ここに見られるのは、世代間対立を踏まえた強い不平等感から、「大きな政府」を否定し、より自由主義的な福祉レジームを望ましいものとする考え方だろう。さらに彼は、「新自由主義の権化」などとされる竹中平蔵が主張する「小さな政府」志向のベーシックインカム論を取り上げ、賛意を表明している。
いわゆるロスジェネとして、新自由主義的な政策の煽りを食ってきた世代の一員であり、実際に非正規職を転々としてきた彼のような者であれば、通常はそうした政策を批判し、「大きな政府」を望むのではないかと思われるが、彼はむしろ逆の方向を向いている。

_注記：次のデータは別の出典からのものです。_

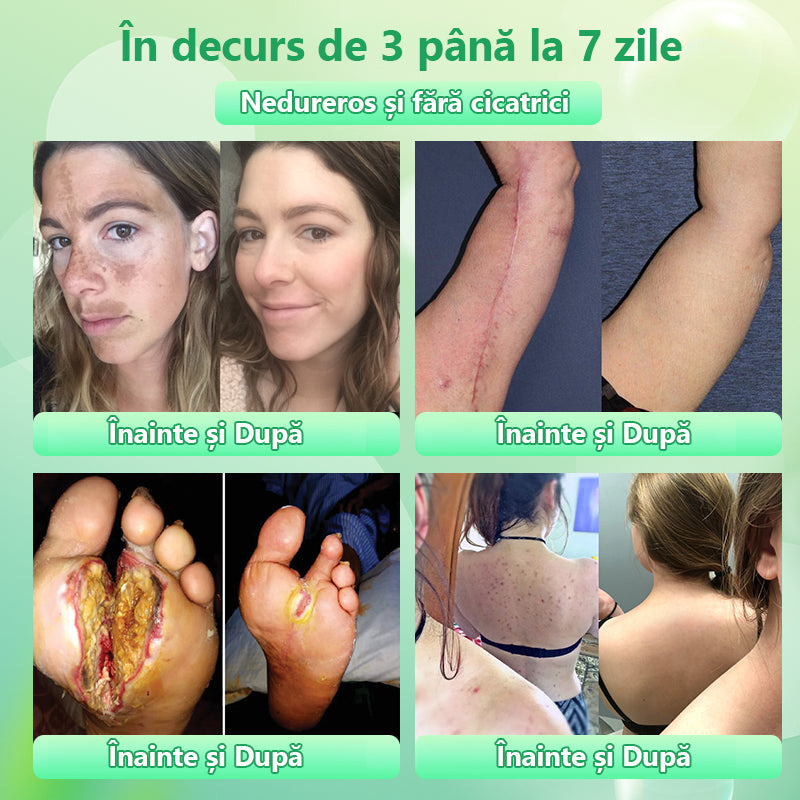 Gel exfoliant purificator pentru Acanthosis Nigricans, exfoliere, pete întunecate, etichete cutanate și eczeme x💖💖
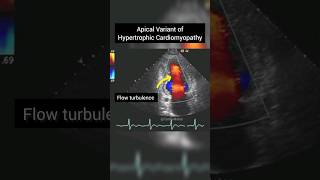 Apical Variant of Hypertrophic Cardiomyopathy on Echocardiography anatomy heart [upl. by Acysej]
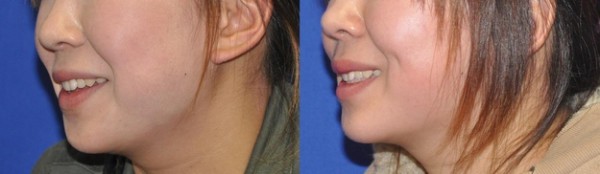 enhanced-buzz-8531-1383155841-41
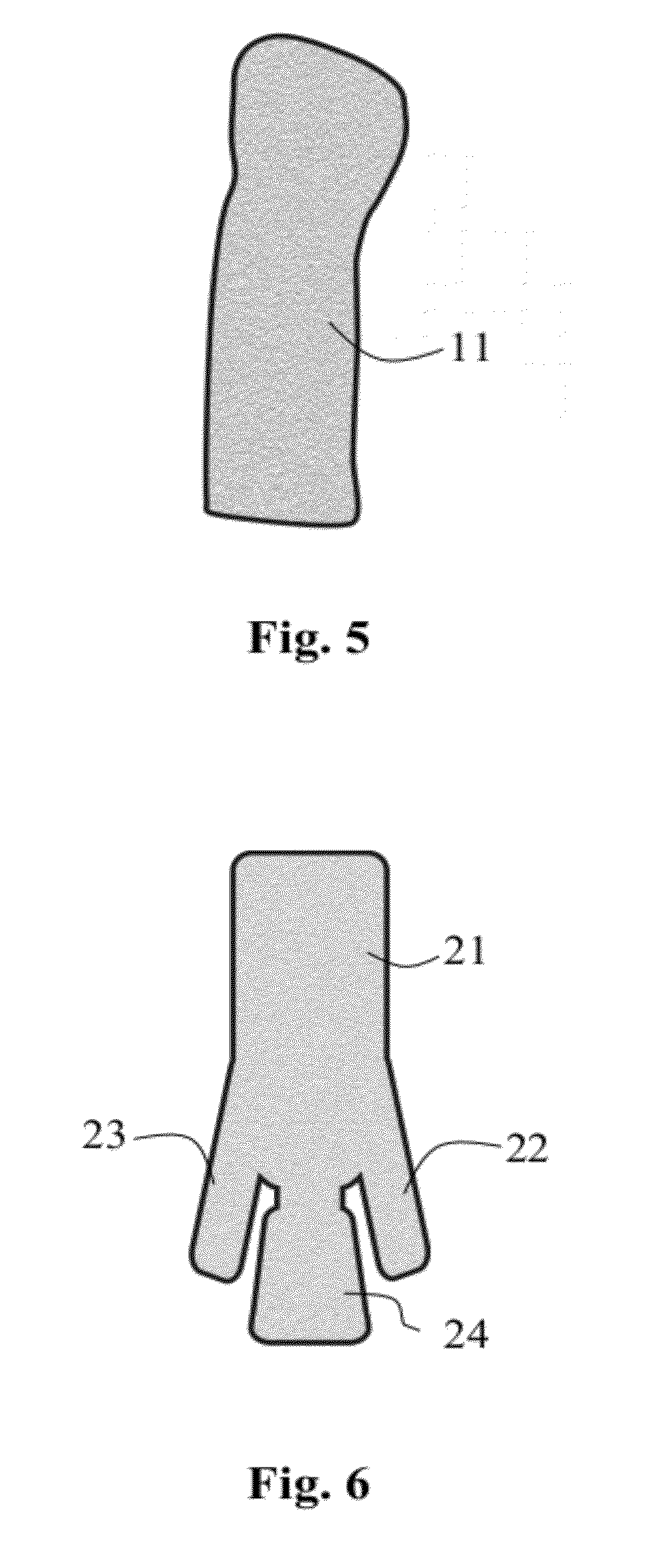 Novel composite materials comprising a thermoplastic matrix polymer and wood particles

そこに見られるのは、新自由主義的な風潮を批判するどころか、むしろ強く内面化し、自らの生き方そのものにしてしまっているその姿だろう。そこには公的なものへの信頼がまったくなく、そのため「共同体に加入する」ことがバカバカしく思えてしまう。すべてを自分一人で引き受け、自己責任で処理していくことが唯一の規範だと考え、それを自らに課している。

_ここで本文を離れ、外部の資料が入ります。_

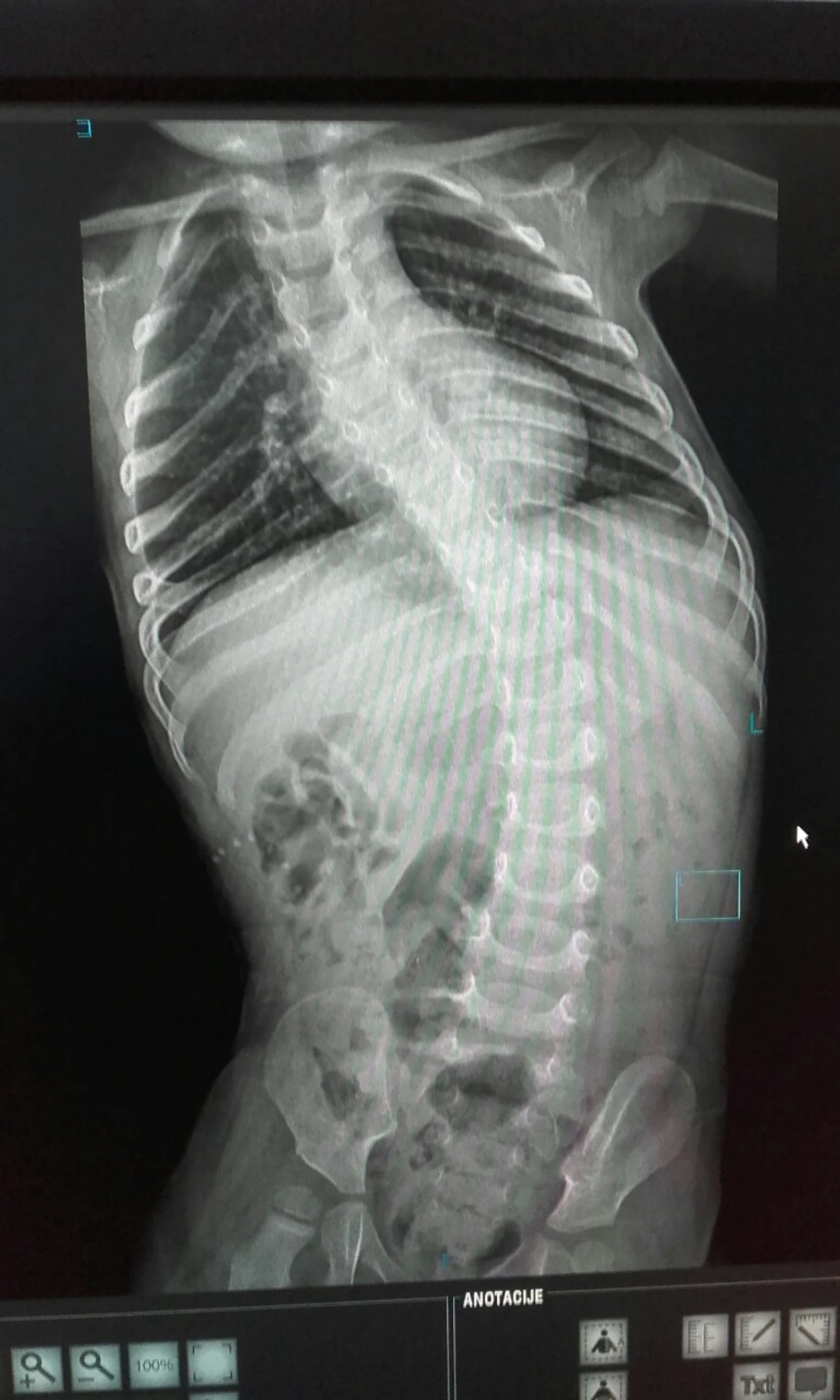 Zbog slabih mišića iskrivila se kičma pa je operacija jedino rešenje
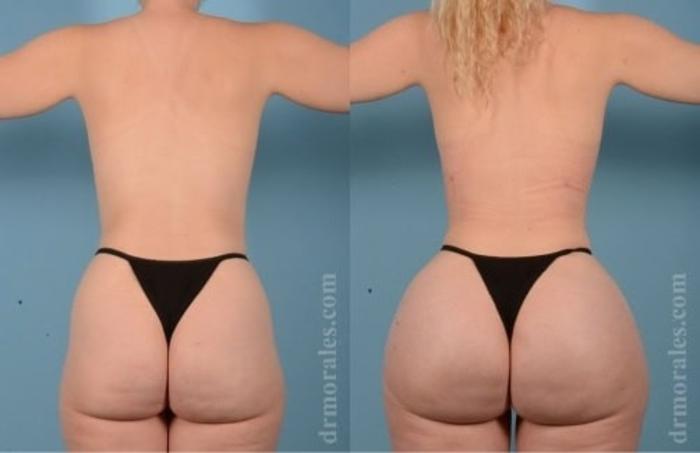 Before & After Fat Transfer Case 358 View 1 View in Houston, TX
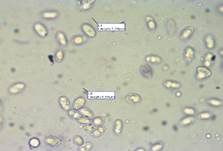 Rillstieliger Weichritterling, Foto 40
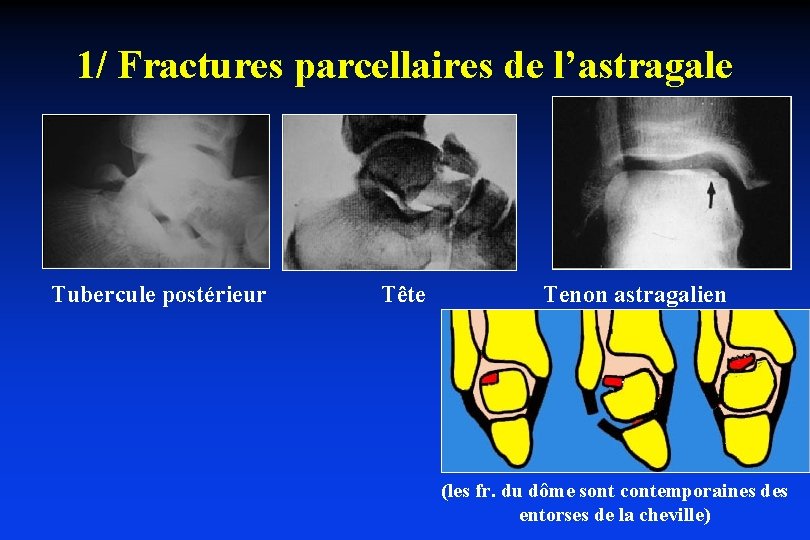 1/ Fractures parcellaires de l’astragale Tubercule postérieur Tête Tenon astragalien (les fr. du dôme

そうした価値観のゆえに、彼は自らの状況を誰かと共有することもなく、あらゆる連帯を拒みながら、自分一人ですべてを引き受けてさまよい続けるなかで、ますます孤立を深めていったのではないだろうか。
彼は自らに言い聞かせるようにして言う。「だから言っただろう、最後はいつも一人だと。頼りになるのは自分しかいないと。プライドしかないのだと。人間など屁の役にも立たんと」。
出口のない政治的世界
このように彼の中には、実にさまざまな政治的傾向が見られる。まずネット右派、そして保守派としての傾向が強く、一方でリベラルな傾向も見られ、さらにリバタリアン的、もしくはネオリベラルな傾向も顕著だ。しかもそれらがときに対立し合いながら、統一教会という存在を介して複雑に結び付いている。

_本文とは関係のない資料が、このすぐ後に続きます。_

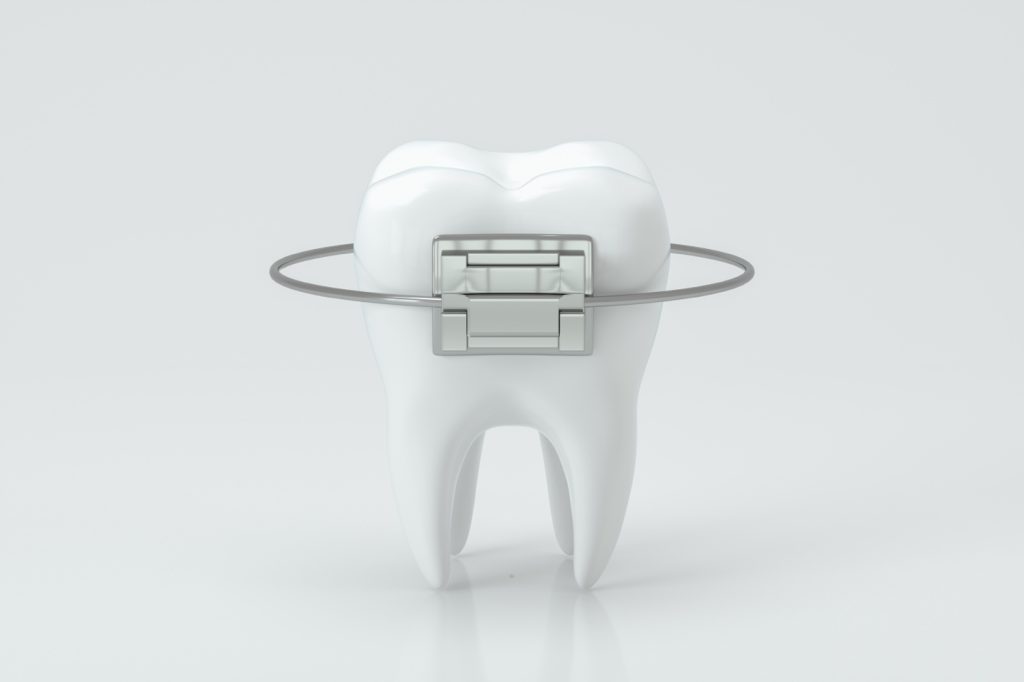 3D model of a tooth fitted with a dental crown
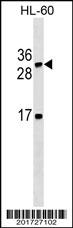 LTB Antibody (C-term)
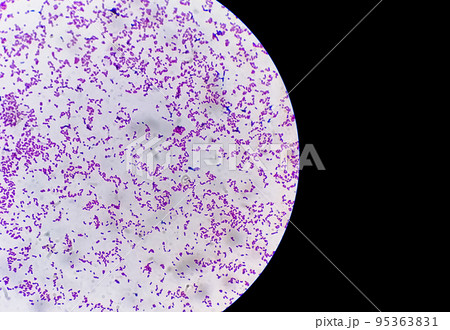 Gram staining, also known as Gram's method, is a method of differentiating bacterial species into two large groups (Gram positive and Gram negative). Gram staining, also known as Gram's method, is a method of differentiating bacterial species into two large groups (Gram positive and Gram negative). 95363831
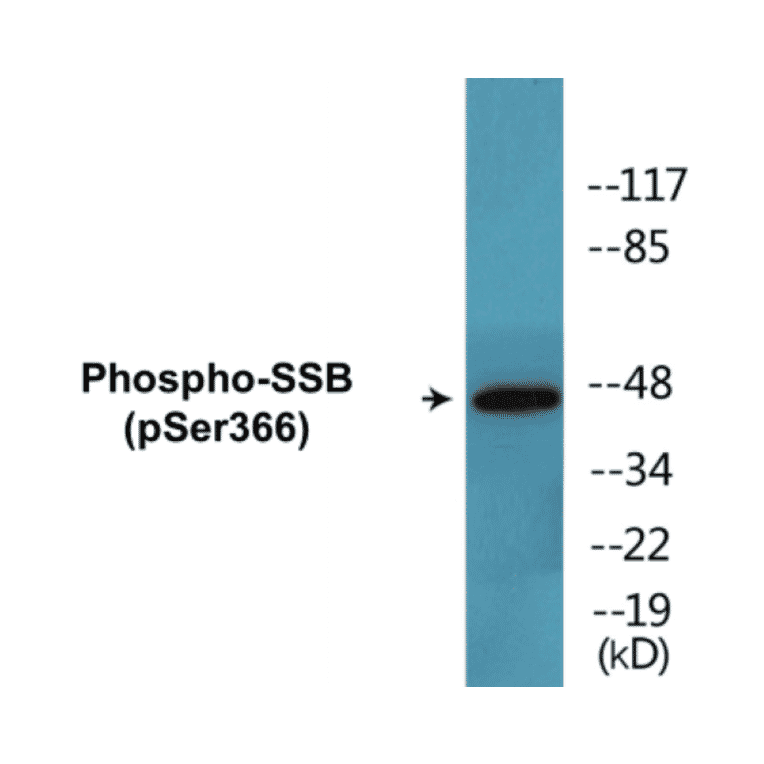 Western Blot - SSB (phospho Ser366) Cell Based ELISA Kit (CBP1459) - Antibodies.com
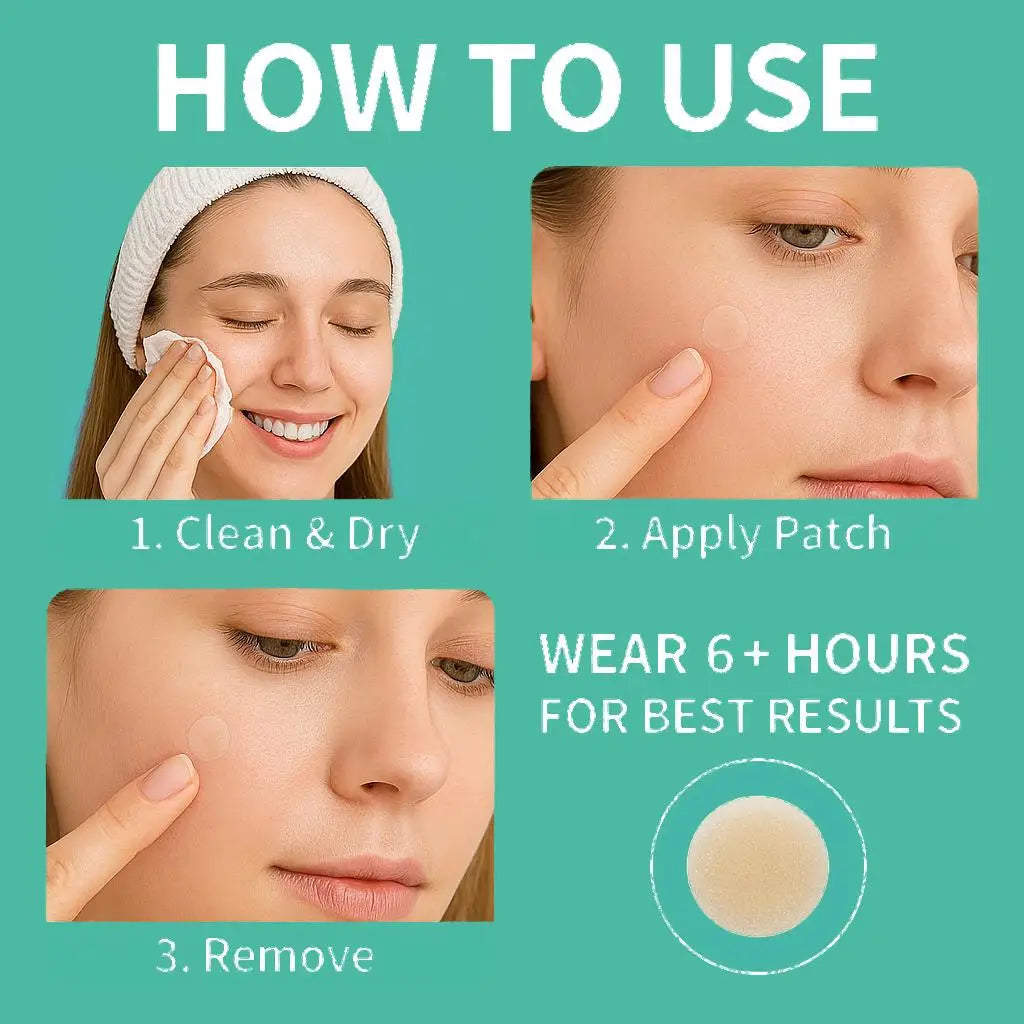 443pcs water-based gel acne patch - removes facial acne, soothes and heals the skin, multiple sizes of oversized acne patches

そうして織り成されている迷路の中をさまよいながら、彼は出口を探し続けたのだろうが、しかし見つからなかった。そこから脱出するための唯一の方法は、それを破壊してしまうことだったのだろう。
ここで最後に[安倍]のテーマを見てみよう。まずその憎悪度は高い。しかし特段に高いわけではなく、むしろ政権の成果を積極的に評価する議論もしばしば見られる。
また、どこかの時点から憎悪度が上昇しているわけでもない。統一教会と安倍との結び付きを途中で知ったことから彼が憎悪を募らせていったという説もあるが、しかし彼がこのアカウントを使い始めた翌日の時点で、「安倍政権に朝鮮民族主義の走狗がいる」と書いていることからも窺えるように、彼にとってこの件はすでに周知の事実だった。
こうしたことからすると、彼が安倍に殺意を抱くに至った理由をこのテーマから読み取ることはできない。そればかりかこのテーマは、抑制的に書いているせいかもしれないが、特定の問題意識を受けたものではなく、そのため特段の特徴がないものとなっている。